[WHAT THIS TASK INVOLVES]: All pictures are to be dropped, and everything else in the data duplicated exactly.

[AVAILABLE DATA]:
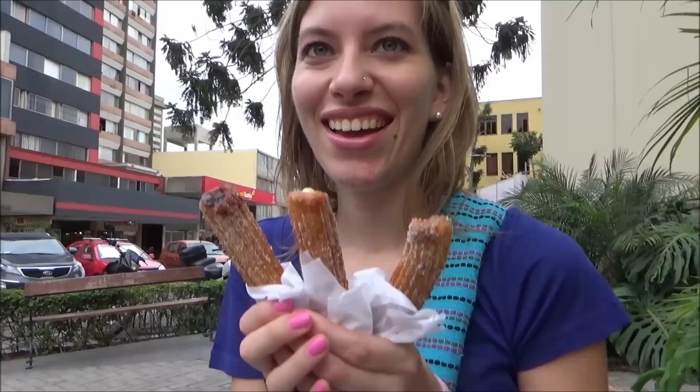So we went all out here and got one of each. This is the one with chocolate, vanilla, and dulce de leche. Talk about a trio.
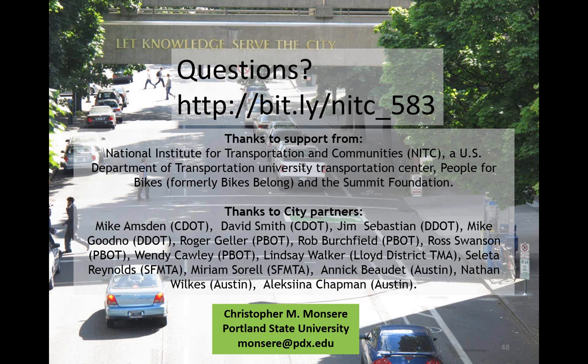Regarding winter maintenance for the three northern locations: Portland doesn't get snow, but Chicago and D.C. do. It wasn't part of our evaluation, but it's definitely a consideration — you need equipment that can both sweep and do snow removal that fits within the width of the facility, which ranged from 8 to 11 feet. There's a document from Alta Planning on the web about winter maintenance for bicycle facilities, discussing not only plowing the facility but where to put the snow afterwards.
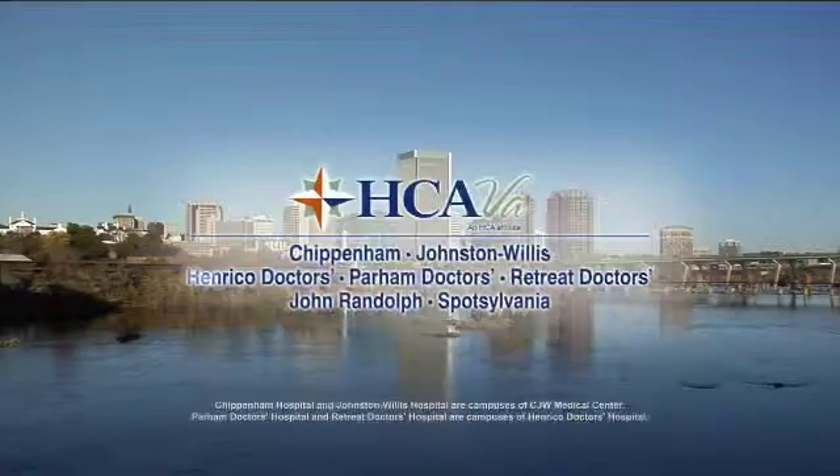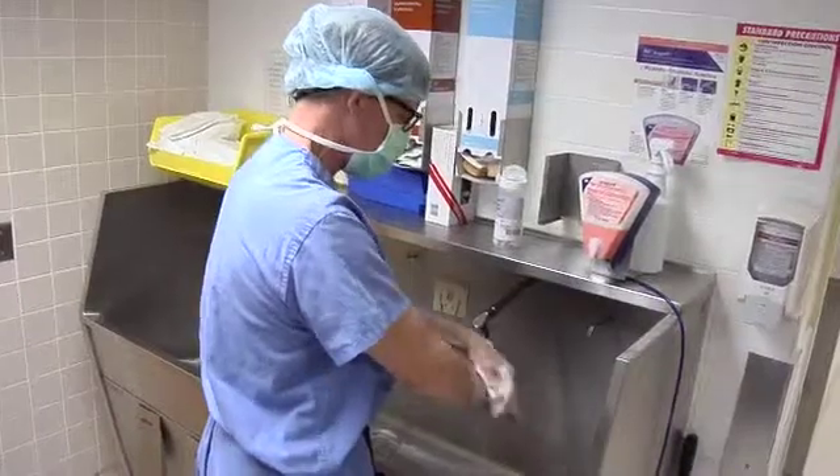Health Break is brought to you by HCA Virginia Health System. Over a lifetime, the pressure on the surface of our knee joints is extreme. Dr. Bill Nort at Parham Doctors' Hospital explains that the cartilage carries most of the burden.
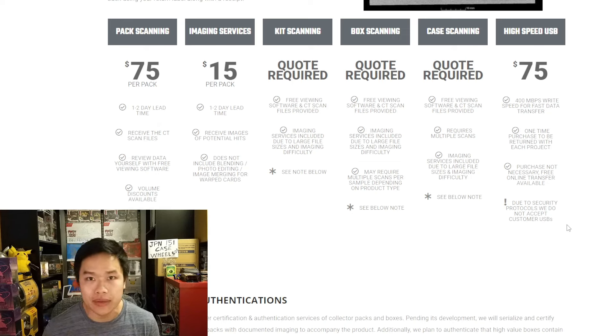I understand checking a pack or sealed product for legitimacy, but there are going to be so many people who exploit this. You're probably going to see eBay listings saying 'this booster box has a Charizard so it goes for X amount more,' or 'this box doesn't have a Charizard so it goes for less.' Or maybe boxes that haven't been CT scanned get marked as if they were, and sellers know they're not hitting — it's just going to get worse and worse.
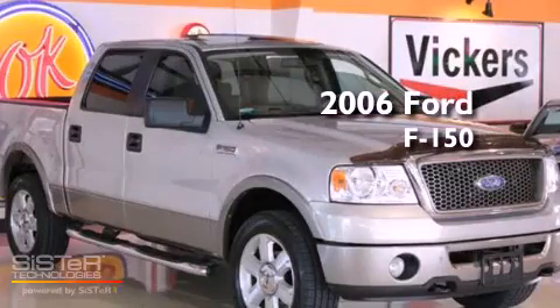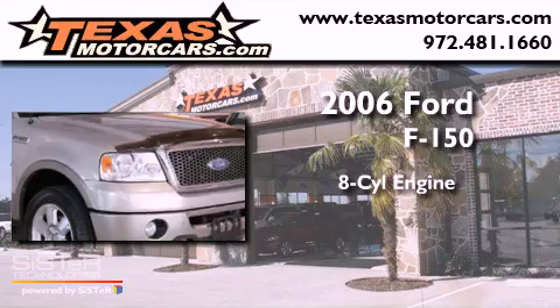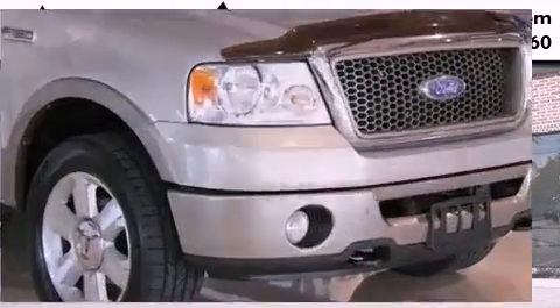This is a 2006 Ford F-150. It features an eight-cylinder engine, an automatic transmission, and four-wheel drive.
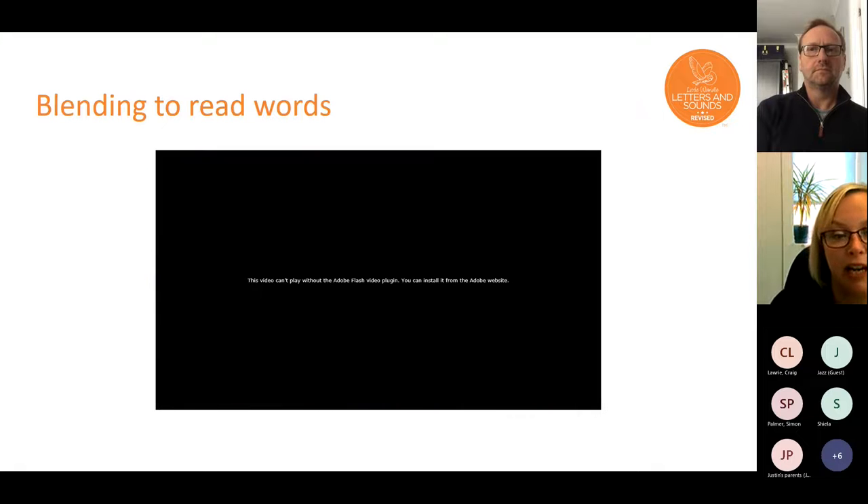There's a really great video on the Little Wandle webpage, which I'll come back to later. There are loads of good things on there for you, and I think it's the best place to go if you want to know more or see how we're teaching phonics.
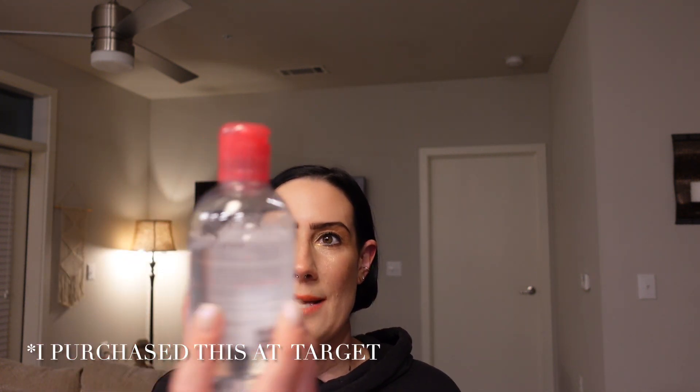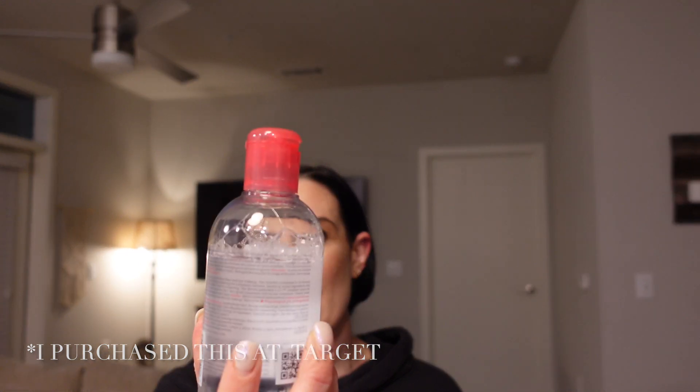I actually bought the smaller bottle — about $13 — and I've been using it. You can see I still have quite a bit left. When that one's done I'll start using this full-size one. This right here just made the whole box for me. We've got two more products left.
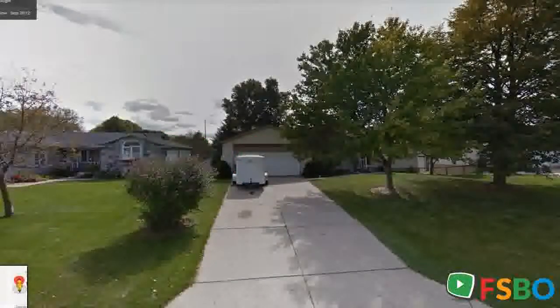Inviting open concept home with new window treatments throughout. All kitchen stainless steel appliances included, with a subway tile backsplash added to the kitchen last year.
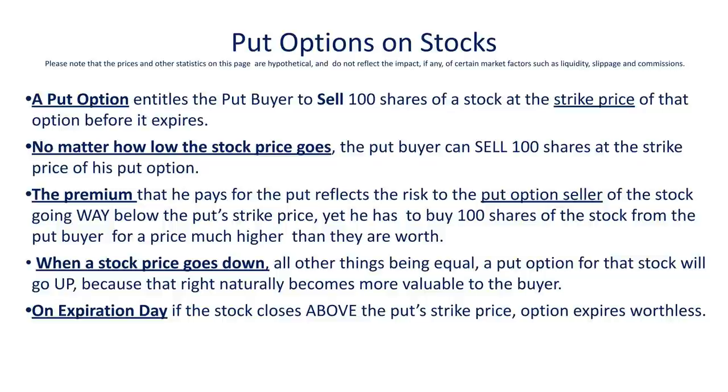The premium of the put option reflects the risk that the market thinks the put seller has — that those shares will be going much lower than the strike price of that put. So all other things being equal, when a stock price goes down, the price of the put option will go up because the put seller's chances of taking a loss increase as the stock's price continues to drop. And if on the day of expiration the stock closes above the price of the put option, then that put option expires worthless, because no one's going to exercise their right to sell a stock at a price lower than it's selling in the open market.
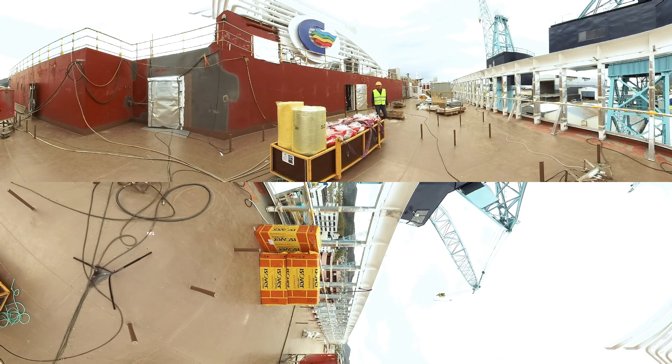Welcome to Ulstein Shipyard in Ulsteinvik, Norway. Right behind me you can see the MS Color Hybrid, the world's largest plug-in hybrid vessel.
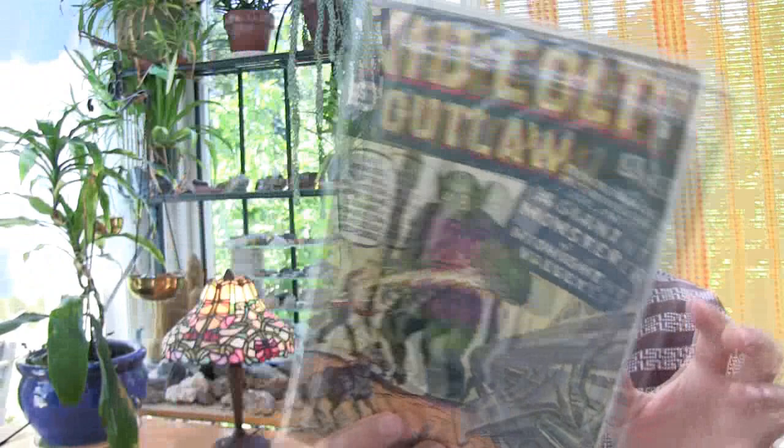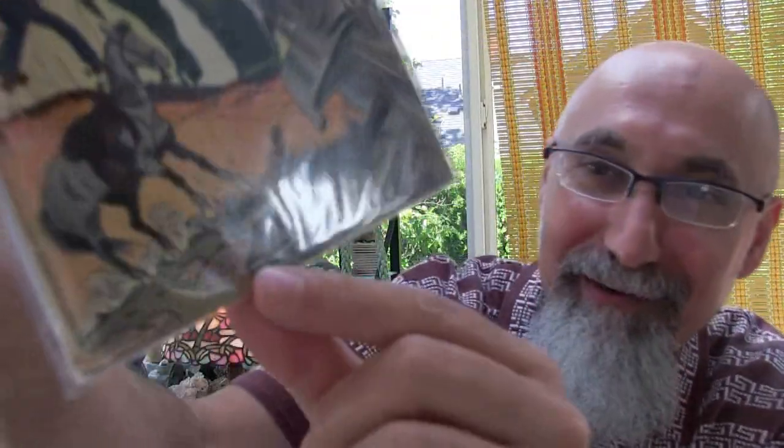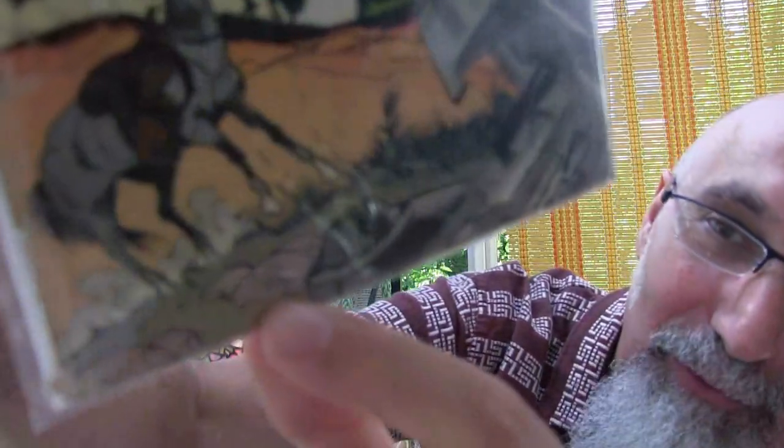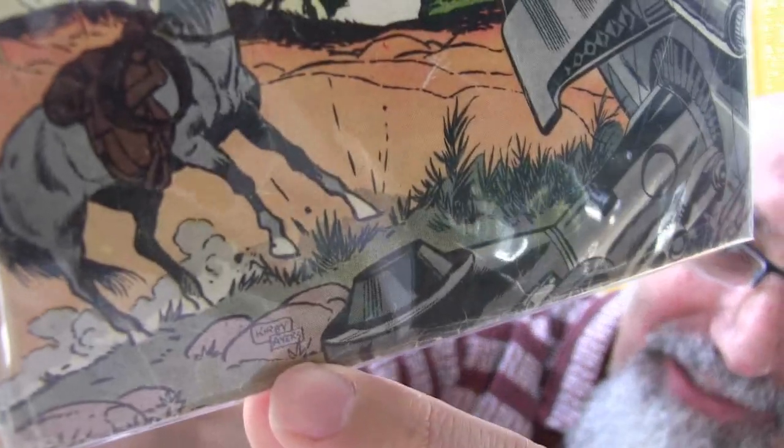Monster comic books are sought after — there are definitely avid collectors that seek them out. I personally love monster comic books, monster issues, monster magazines. I have some of them — Creep and some others. But I'm not solely a monster comic book collector. This was a beautiful, beautiful cover, and it's signed by Jack Kirby and Dick Ayers at the bottom. It says 'Kirby and Ayers' — really small in the glow of the plastic.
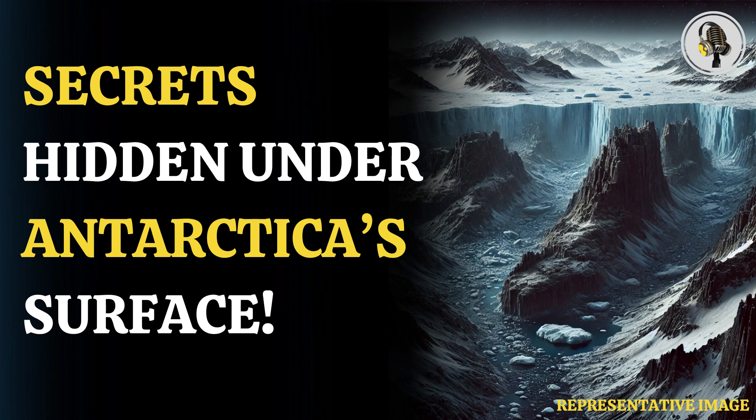In Wilkes Land, the ice is 4,757 meters thick — more than 15 times the height of The Shard, the UK's tallest skyscraper. Scientists say the new map will help them learn more about Antarctica and how it might change owing to a warming climate.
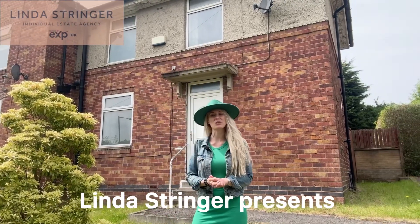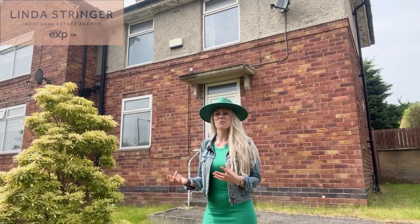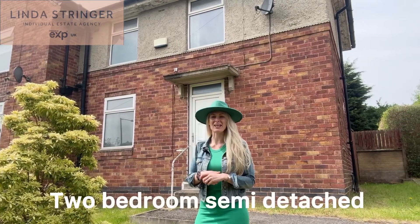Hello and welcome to Halifax Road. This is a two-bed semi-detached property, perfect as a first home, ideal to put your own stamp on. So come with me and let's go take a look inside.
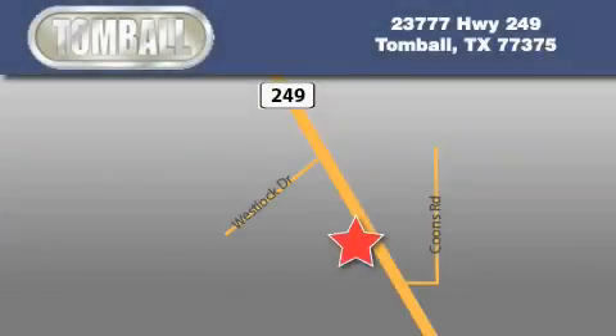Tombaugh Dodge is located at 23777 Highway 249 in Tombaugh. Our goal is to exceed all of your expectations to ensure that you'll return for future visits.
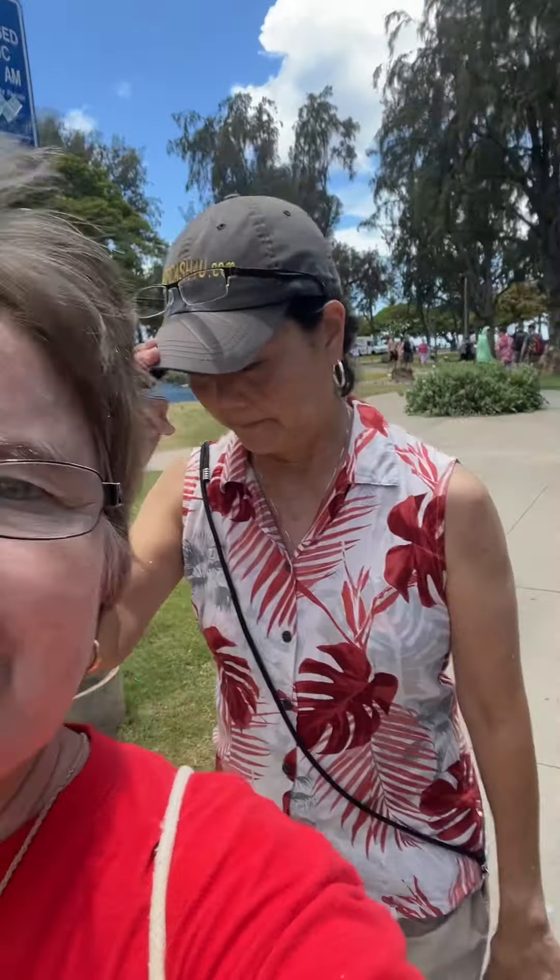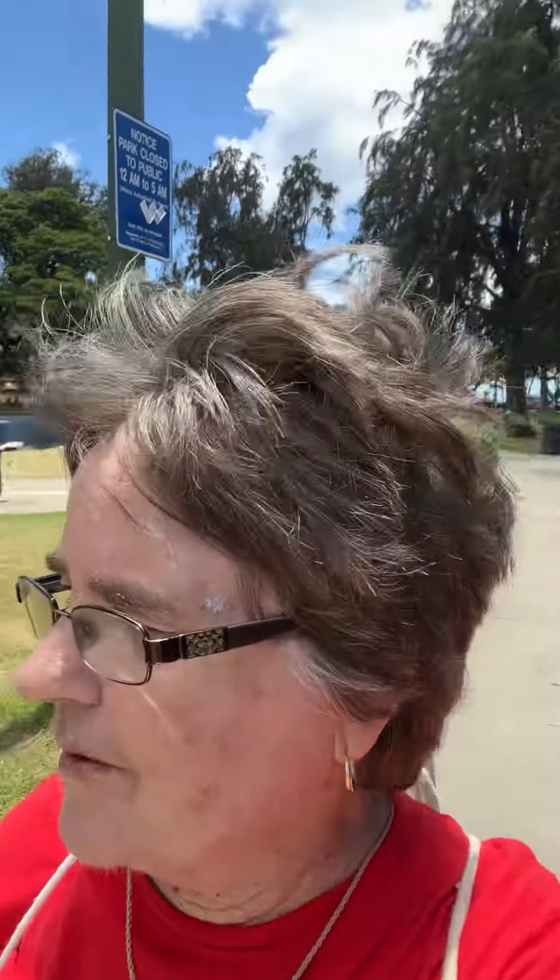Aloha everybody. It's Lois and Amy. We're here at the park to give a quick talk on the ironwood trees.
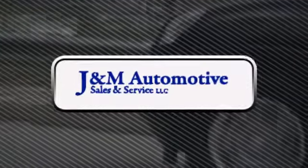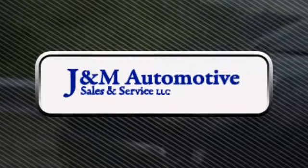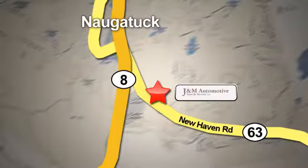You'll see a difference at J&M Auto Sales. Call or stop in today. We are conveniently located at 820 New Haven Road in Naugatuck, Connecticut.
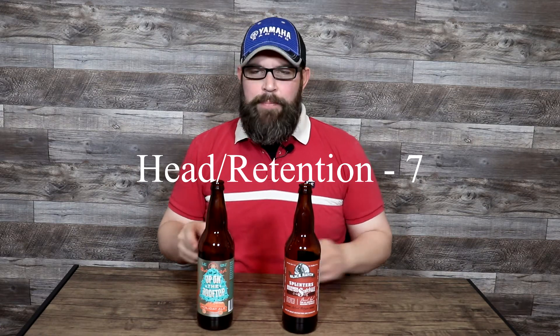Moving on to the finish: with how pungent the aroma and flavors were, I really did expect a much longer-than-average finish, but it didn't deliver that — which is not a bad thing. It was certainly in the average realm, high end. It gets a 6 out of 10. For head and retention: it did a pretty good job — certainly above average. Gets a 7 out of 10. For appearance: the appearance was fine and certainly in range, but it was quite a bit lighter than your average holiday ale — they are typically quite a bit darker. Gets a 7 out of 10.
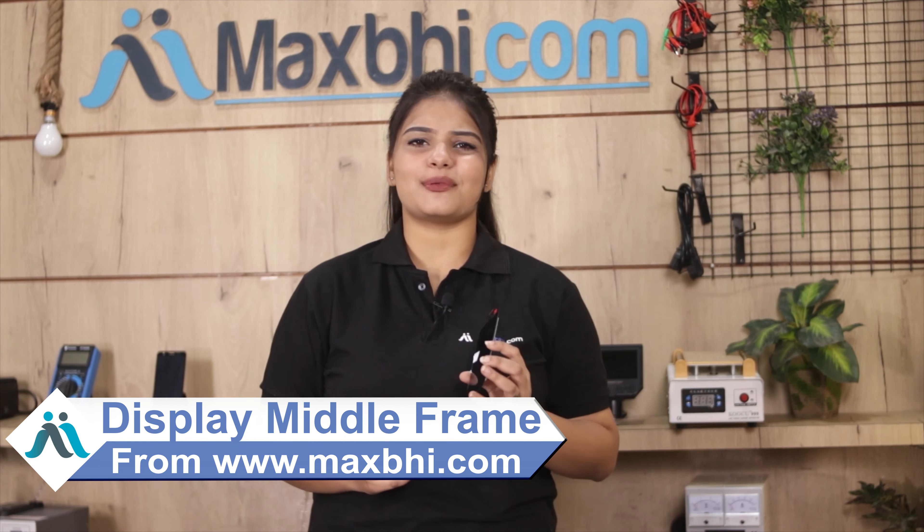This display combo folder is checked and quality assured. The Oppo Neo 5 display combo folder from MaxBee.com ensures that you can purchase the product with no problem.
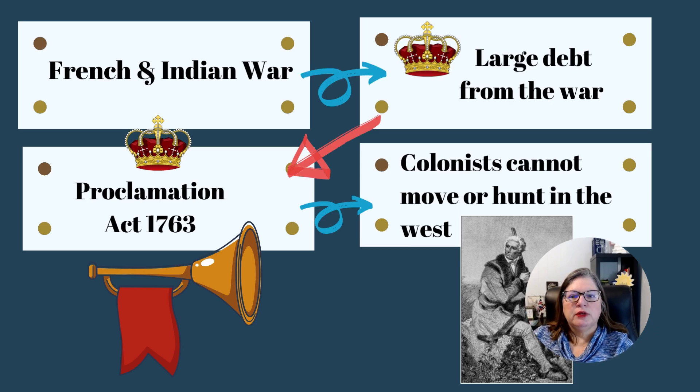Let's look at cause and effect. The French and Indian War happens, leading to large debt from the war. The King of England then makes a proclamation — basically a law, because the English version of a law is going to be an Act. So the Proclamation Act of 1763. We have to go backwards to understand this.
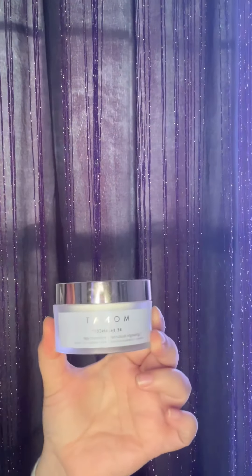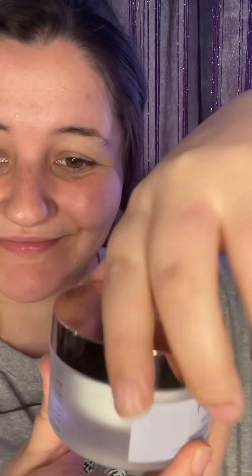I needed to get ready and of course I grabbed my Monet Be Balance moisturizer. It's really cute packaging, super lightweight, and so easy to use.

[ANSWER TO THE PROBLEM]:
So we went all out here and got one of each. This is the one with chocolate, vanilla, and dulce de leche. Talk about a trio.
Regarding winter maintenance for the three northern locations: Portland doesn't get snow, but Chicago and D.C. do. It wasn't part of our evaluation, but it's definitely a consideration — you need equipment that can both sweep and do snow removal that fits within the width of the facility, which ranged from 8 to 11 feet. There's a document from Alta Planning on the web about winter maintenance for bicycle facilities, discussing not only plowing the facility but where to put the snow afterwards.
Health Break is brought to you by HCA Virginia Health System. Over a lifetime, the pressure on the surface of our knee joints is extreme. Dr. Bill Nort at Parham Doctors' Hospital explains that the cartilage carries most of the burden.
I understand checking a pack or sealed product for legitimacy, but there are going to be so many people who exploit this. You're probably going to see eBay listings saying 'this booster box has a Charizard so it goes for X amount more,' or 'this box doesn't have a Charizard so it goes for less.' Or maybe boxes that haven't been CT scanned get marked as if they were, and sellers know they're not hitting — it's just going to get worse and worse.
This is a 2006 Ford F-150. It features an eight-cylinder engine, an automatic transmission, and four-wheel drive.
There's a really great video on the Little Wandle webpage, which I'll come back to later. There are loads of good things on there for you, and I think it's the best place to go if you want to know more or see how we're teaching phonics.
I actually bought the smaller bottle — about $13 — and I've been using it. You can see I still have quite a bit left. When that one's done I'll start using this full-size one. This right here just made the whole box for me. We've got two more products left.
Inviting open concept home with new window treatments throughout. All kitchen stainless steel appliances included, with a subway tile backsplash added to the kitchen last year.
The premium of the put option reflects the risk that the market thinks the put seller has — that those shares will be going much lower than the strike price of that put. So all other things being equal, when a stock price goes down, the price of the put option will go up because the put seller's chances of taking a loss increase as the stock's price continues to drop. And if on the day of expiration the stock closes above the price of the put option, then that put option expires worthless, because no one's going to exercise their right to sell a stock at a price lower than it's selling in the open market.
Welcome to Ulstein Shipyard in Ulsteinvik, Norway. Right behind me you can see the MS Color Hybrid, the world's largest plug-in hybrid vessel.
Monster comic books are sought after — there are definitely avid collectors that seek them out. I personally love monster comic books, monster issues, monster magazines. I have some of them — Creep and some others. But I'm not solely a monster comic book collector. This was a beautiful, beautiful cover, and it's signed by Jack Kirby and Dick Ayers at the bottom. It says 'Kirby and Ayers' — really small in the glow of the plastic.
In Wilkes Land, the ice is 4,757 meters thick — more than 15 times the height of The Shard, the UK's tallest skyscraper. Scientists say the new map will help them learn more about Antarctica and how it might change owing to a warming climate.
Hello and welcome to Halifax Road. This is a two-bed semi-detached property, perfect as a first home, ideal to put your own stamp on. So come with me and let's go take a look inside.
Tombaugh Dodge is located at 23777 Highway 249 in Tombaugh. Our goal is to exceed all of your expectations to ensure that you'll return for future visits.
Aloha everybody. It's Lois and Amy. We're here at the park to give a quick talk on the ironwood trees.
You'll see a difference at J&M Auto Sales. Call or stop in today. We are conveniently located at 820 New Haven Road in Naugatuck, Connecticut.
Moving on to the finish: with how pungent the aroma and flavors were, I really did expect a much longer-than-average finish, but it didn't deliver that — which is not a bad thing. It was certainly in the average realm, high end. It gets a 6 out of 10. For head and retention: it did a pretty good job — certainly above average. Gets a 7 out of 10. For appearance: the appearance was fine and certainly in range, but it was quite a bit lighter than your average holiday ale — they are typically quite a bit darker. Gets a 7 out of 10.
This display combo folder is checked and quality assured. The Oppo Neo 5 display combo folder from MaxBee.com ensures that you can purchase the product with no problem.
Let's look at cause and effect. The French and Indian War happens, leading to large debt from the war. The King of England then makes a proclamation — basically a law, because the English version of a law is going to be an Act. So the Proclamation Act of 1763. We have to go backwards to understand this.
I needed to get ready and of course I grabbed my Monet Be Balance moisturizer. It's really cute packaging, super lightweight, and so easy to use.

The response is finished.